Re: on formally describable universes and measures
Russell Standish wrote:
>Marchal wrote:
>>
>> Hi Juergen,
>>
>> I would like to nuance my last Post I send to you.
>>
>> First I see in other posts, written by you, that your
>> computable real numbers are *limit* computable. It still
>> seems to me possible to diagonalize against that,
>> although it is probably less trivial.
>>
>> But I think it isn't really relevant in our present discussion,
>> because the
>> continuum I am talking about appears in the first person discourse
>> of the machines, so it is better to
>> keep discussing the main point, which is the relevance
>> of the first person point of view, with comp, when
>> we are searching for a TOE.
>
>It seems to me that the cardinality of UD*, or whether UD* is a
>continuum or not is rather irrelevant. My understanding is that the UD
>argument implies a first person indeterminancy, ie every first person
>experience will have access to a random oracle.
All right.
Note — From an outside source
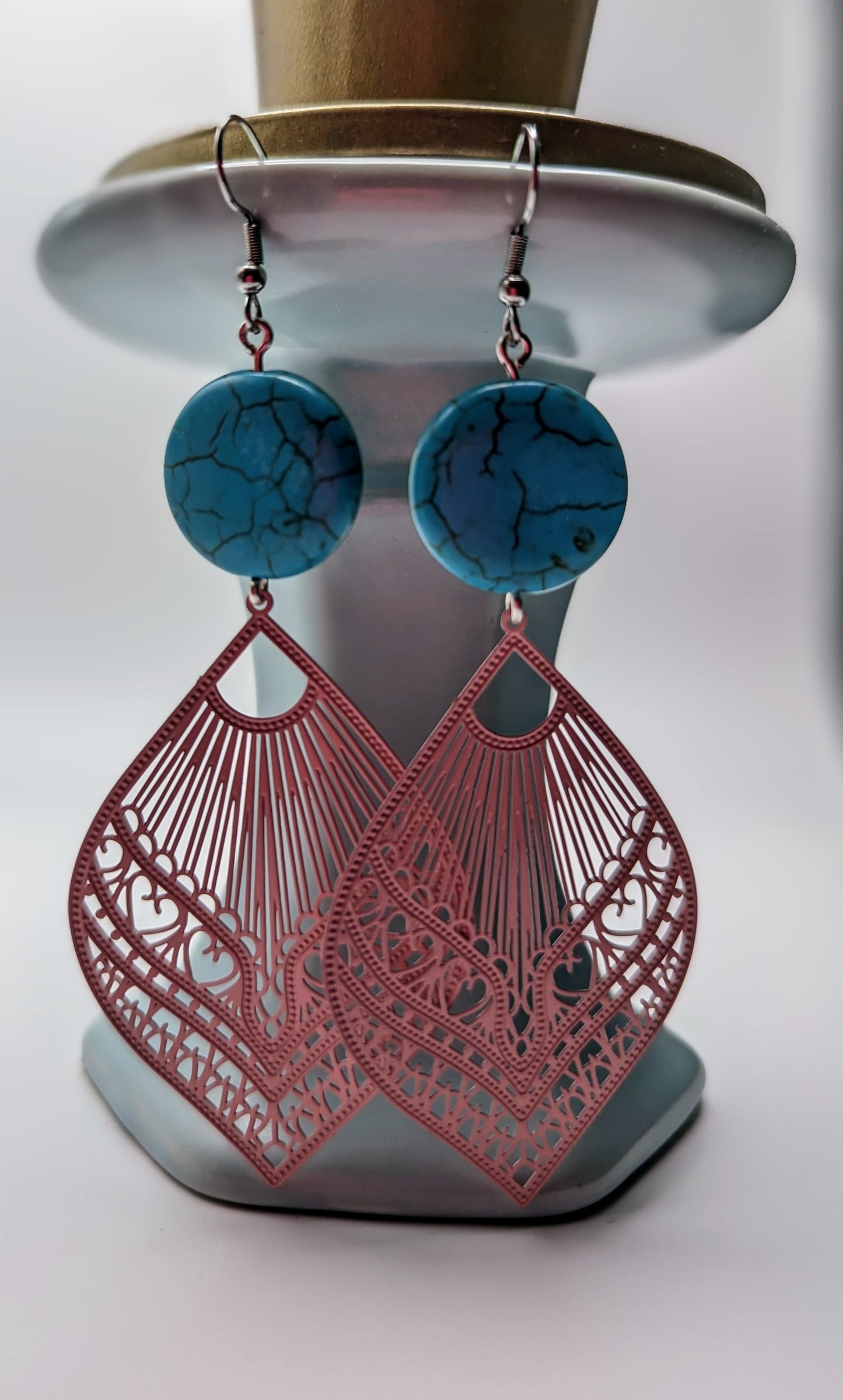 Pink and turquoise earrings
I guess you agree that such random oracle appears also with
the iterative self-duplication, which is itself appearing in UD*.
>
>I think the argument goes something like this:
>
>1) UD algorithms will have high measure in the space of all
>computations, much higher than a direct implementation of a conscious AI
>(assuming such things exist).
Hopefully so. Intuitively so. Not so easy to prove. Note also that if
you implement a conscious AI it will itself be embedded in UD*, from
his own point of view, and it will have access also to some
random oracle.
>2) Therefore, it is more likely that a conscious AI will find itself
>imbedded in the output of a UD, with access to a random oracle
>
That's what I was saying ! And that conscious AI will even find itself
in the output of an immaterial UD in Plato heaven.
>(Of course my viewpoint is that consciousness _requires_ access to a
>random oracle, making conclusion 2 even stronger, but it is not
>necessary for the argument).
Consciousness _requires_ access to a random oracle for having
relatively stable histories. Perhaps through the phase randomisation
of the white rabbits (cf my recent paper).